The cooperation between the Genetic Epidemiology, Medical University Innsbruck (Univ.-Prof Florian Kronenberg) and the Research Group Databases and Information Systems (DBIS, Univ.-Prof Günther Specht) already started in 2007. The overall goal of the cooperation is to find new ways of storing and processing big data derived from Next Generation Sequencing (NGS) using RDBMS as well as NoSql Systems. Parallelization strategies like MapReduce, usability of developed systems and reproducability of results are two major aspects within the cooperation. Several research projects have been accomplished so far.
An updated list on our projects can be found at the website of the Division of Genetic Epiemdiology.
Cloudgene is an open-source platform to improve the usability of MapReduce programs by providing a graphical user interface for the execution, the import and export of data and the reproducibility of workflows on in-house and rented clusters, i.e. in the cloud. The aim of Cloudgene is to build a standardized graphical execution environment for currently available and future MapReduce programs, which can all be integrated by using its plug-in interface.

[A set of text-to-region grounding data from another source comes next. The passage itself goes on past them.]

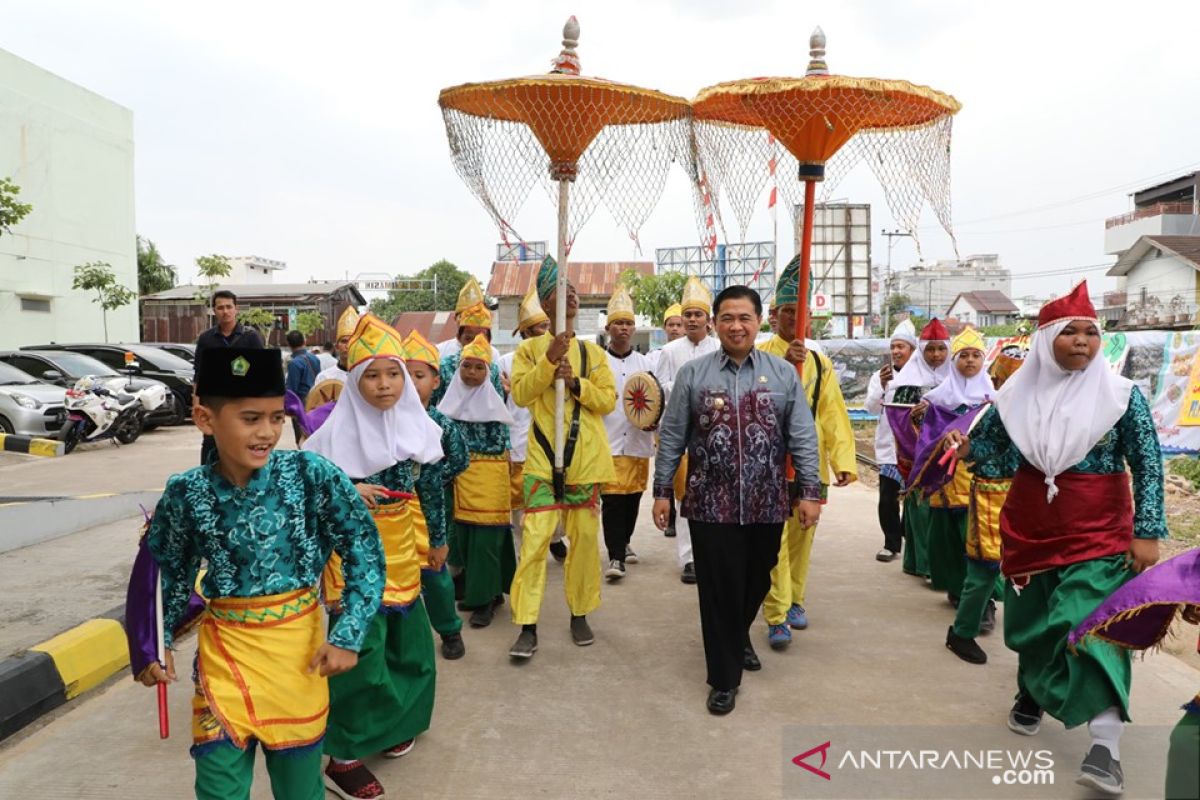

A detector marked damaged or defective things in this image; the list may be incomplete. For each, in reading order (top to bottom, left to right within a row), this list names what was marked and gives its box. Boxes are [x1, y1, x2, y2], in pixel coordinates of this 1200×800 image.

rusty roof [487, 261, 657, 298]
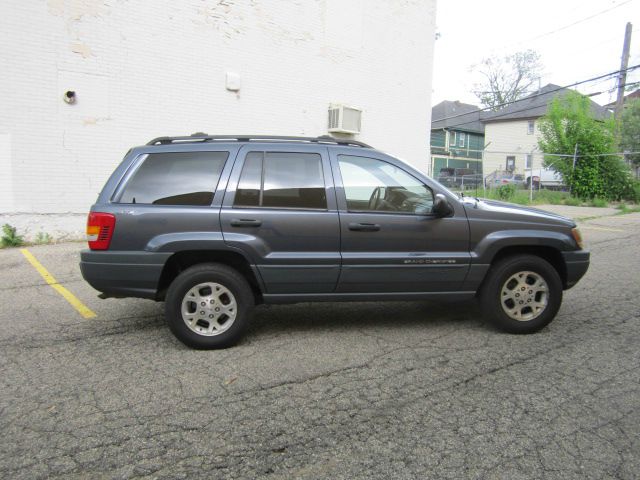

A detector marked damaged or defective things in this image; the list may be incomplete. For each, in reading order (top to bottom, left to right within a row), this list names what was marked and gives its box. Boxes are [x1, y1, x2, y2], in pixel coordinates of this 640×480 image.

cracked asphalt [0, 212, 636, 478]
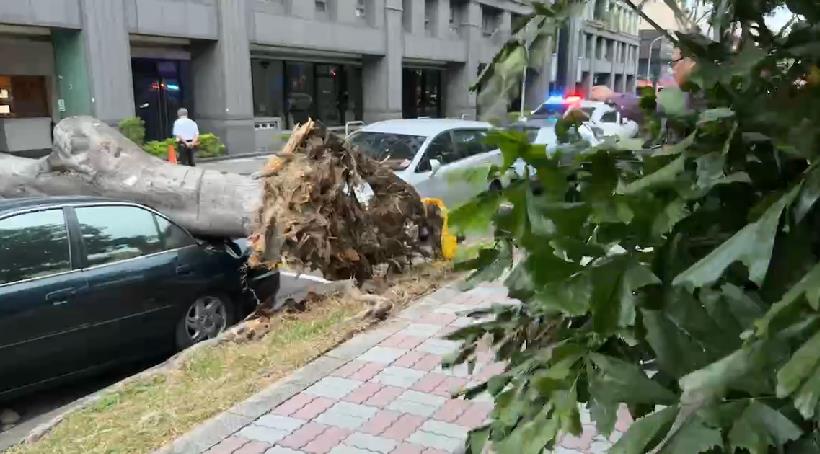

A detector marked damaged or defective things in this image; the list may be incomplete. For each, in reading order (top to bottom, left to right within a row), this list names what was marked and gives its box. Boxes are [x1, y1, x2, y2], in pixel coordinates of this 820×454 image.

crushed dark sedan [0, 197, 278, 400]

HaploGrep is implemented as a web application based on Phylotree, a periodically updated classification tree estimated from data worldwide. Any given range of the mitochondrial genome can be used for haplogroup classification, which is based on the phylogenetic stability of mtDNA polymorphisms. For every input sample the top ten results and the phylogenetic position of the respective haplogroup are displayed, thus providing a detailed explanation how and why a haplogroup was ranked best. HaploGrep generates an interactive data visualization of the results and provides recommendations which polymorphisms should be analyzed additionally to get a more accurate result. HaploGrep can be used without login and imported samples are exclusive visible to appropriate users due to HaploGrep s session management. The export possibilities as a standard tab delimited file and as a *.rdf file for the phylogenetic software network.exe render HaploGrep the currently best solution for human mtDNA haplogroup determination.

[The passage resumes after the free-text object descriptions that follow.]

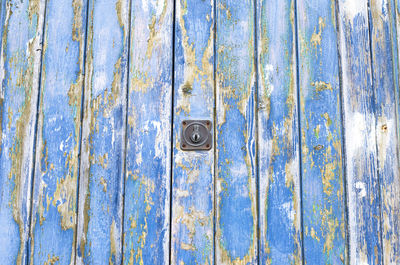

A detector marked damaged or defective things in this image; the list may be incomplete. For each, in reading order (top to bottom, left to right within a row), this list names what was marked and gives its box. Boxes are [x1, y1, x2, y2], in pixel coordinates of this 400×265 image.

rusty door lock [181, 119, 212, 151]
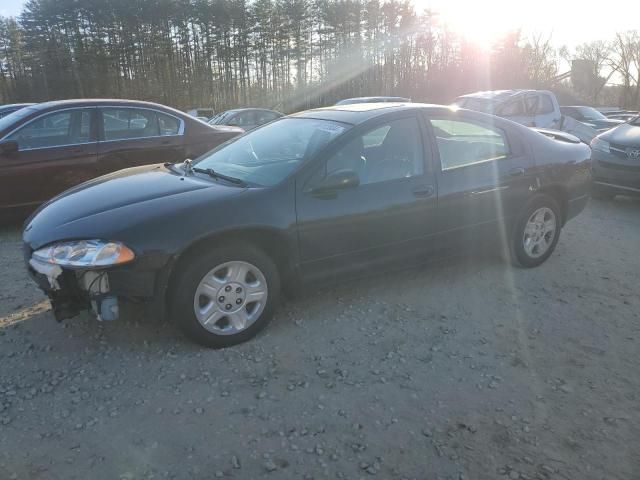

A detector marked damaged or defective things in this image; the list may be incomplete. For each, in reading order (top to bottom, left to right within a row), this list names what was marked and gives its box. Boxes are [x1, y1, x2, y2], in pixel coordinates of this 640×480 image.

damaged front bumper [27, 256, 120, 320]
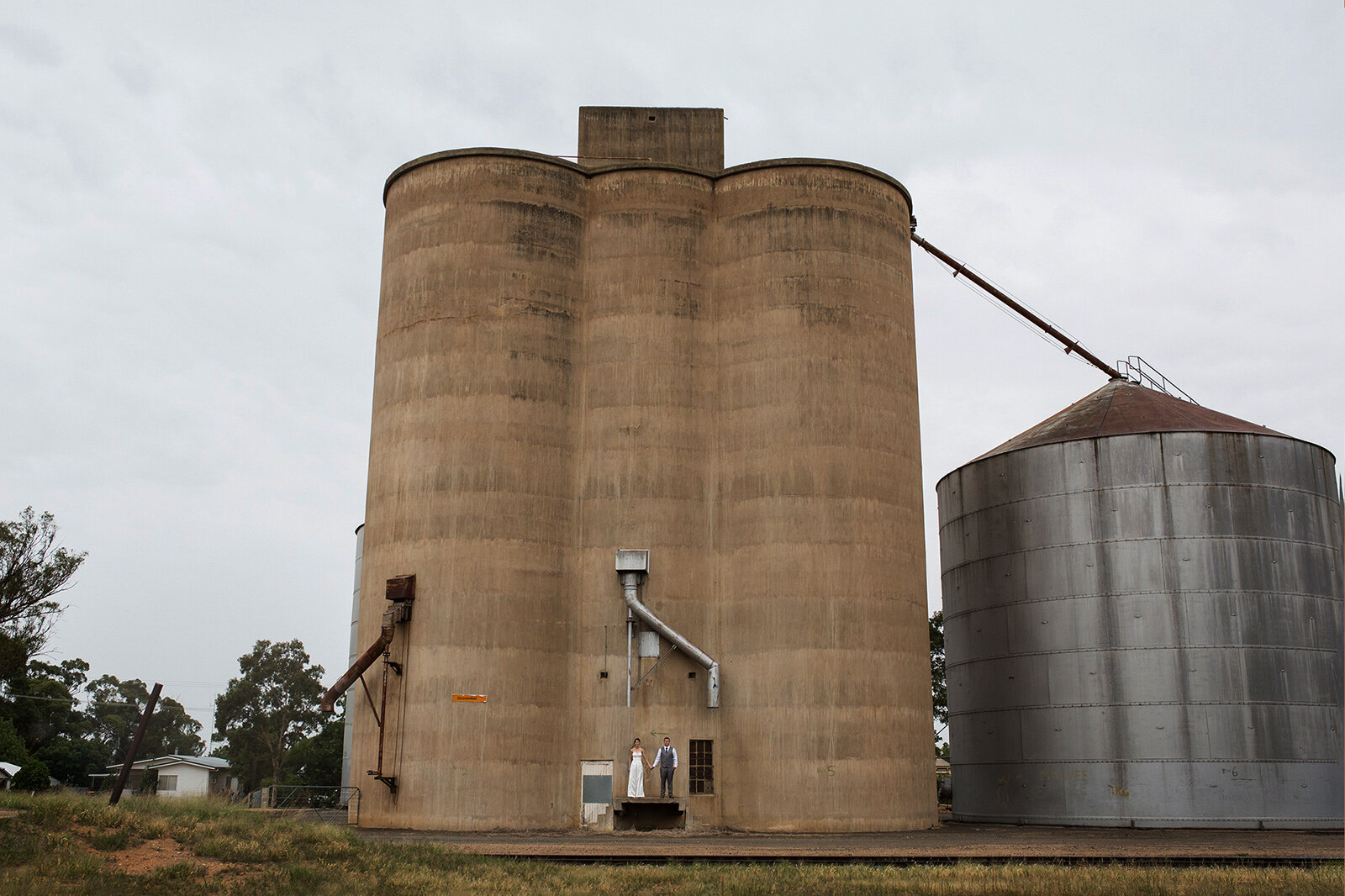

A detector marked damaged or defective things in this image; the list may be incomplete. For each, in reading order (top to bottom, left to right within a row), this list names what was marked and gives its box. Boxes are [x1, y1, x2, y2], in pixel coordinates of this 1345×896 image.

rusted metal beam [915, 229, 1124, 379]
rusty silo roof [978, 377, 1280, 460]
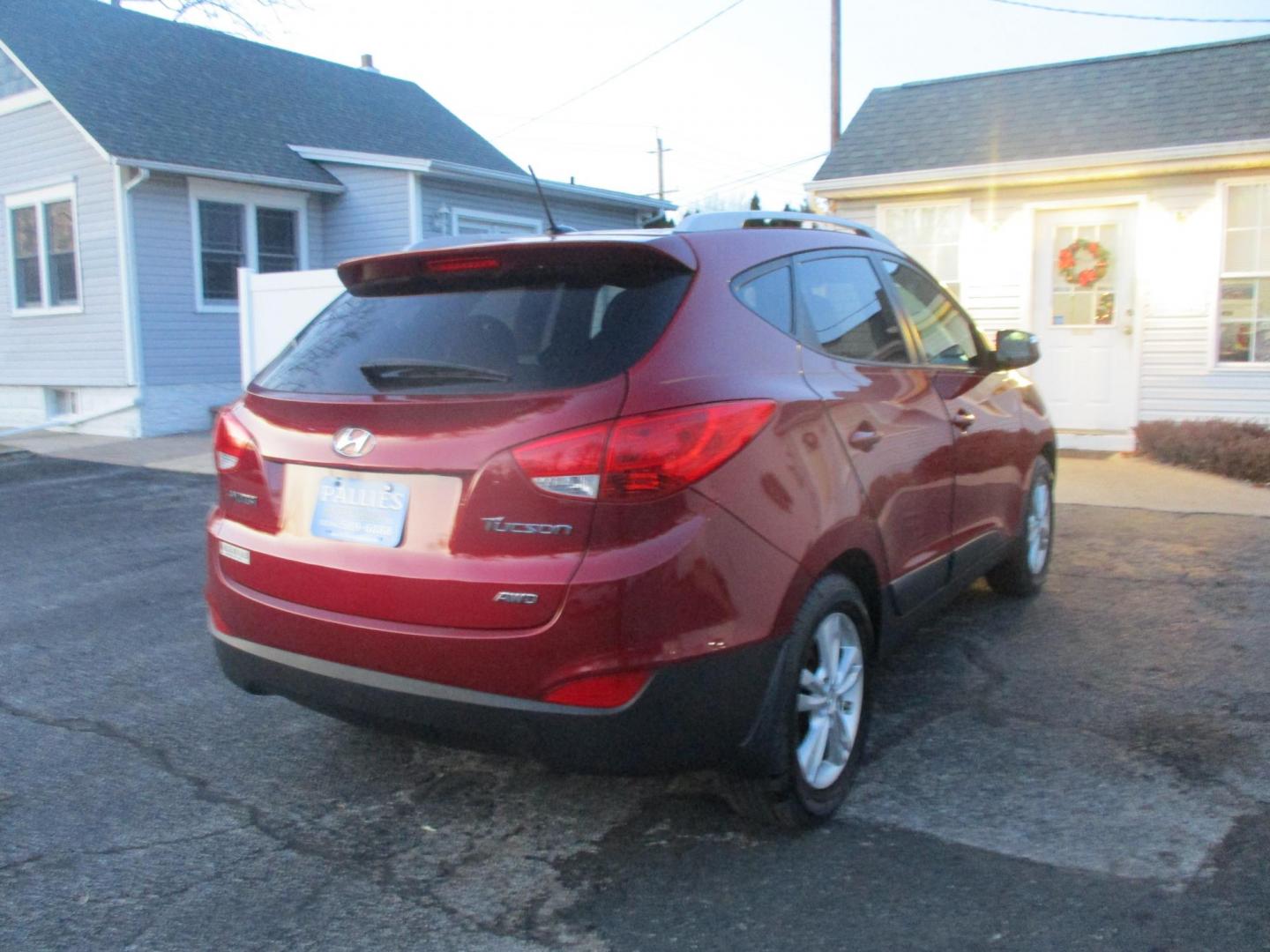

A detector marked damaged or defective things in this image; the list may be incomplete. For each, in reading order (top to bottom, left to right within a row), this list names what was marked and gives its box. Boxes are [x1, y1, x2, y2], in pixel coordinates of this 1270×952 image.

CONAN is a freely available client-server software solution which provides an intuitive graphical user interface for categorizing, analyzing and associating CNVs with phenotypes. Moreover, CONAN assists the evaluation process by visualizing detected associations via Manhattan plots in order to enable a rapid identification of genome-wide significant CNV regions. Various file formats including the information on CNVs in population samples are supported as input data.